何か揉め事があったとして、自分では「私は悪くない」と思っている。
むしろ、「相手のここが嫌だった」と感じている。
そんな状態で、
「なんで私から謝らなきゃいけないの?」と思うのは、自然なことだと思います。
納得していないのに「ごめんなさい」と言うのは、やっぱり苦しい。
だから私は、まず「どちらが悪いのか」という話を一度横に置いてみたいと思いました。
そのうえで、別のところが少し気になったんです。
謝るって、全部自分が悪かったということなのかな
私は、謝ることについて少し考え方が変わったことがあります。
「ごめんね」と言うことは必ずしも
「私が全部悪かったです」と認めることではないのかもしれない。
例えば、
「さっきは言い過ぎた。ごめんね。でも、私はあのときこう感じていたんだ」と言うこともできます。

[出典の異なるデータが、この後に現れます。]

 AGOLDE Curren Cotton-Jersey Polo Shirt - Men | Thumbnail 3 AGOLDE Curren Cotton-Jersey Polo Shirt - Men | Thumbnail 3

自分の気持ちをなかったことにしているわけではありません。
自分の主張を捨てているわけでもない。
ただ、「あなたと話す準備はありますよ」というサインを出している。
そんなふうにも考えられるんですよね。
そう思うと、謝るという行為が少し違って見えてきます。
もちろん、いつでも自分から謝ればいいという話ではありません。
ただ、関係を動かしたいと思ったときには、一言が対話の入口になることもある。
私はそんなことを考えました。
「分かってほしい」のに、入口を閉じてしまう
ここで、少し不思議なことが起こるなと思ったんです。
「自分の気持ちを分かってほしい」
そう思っているのに「相手が先に分かってくれたら、私は話す」となってしまう。
これだと、相手が自分の気持ちを知るための入口を自分で閉じてしまっているようにも見えます。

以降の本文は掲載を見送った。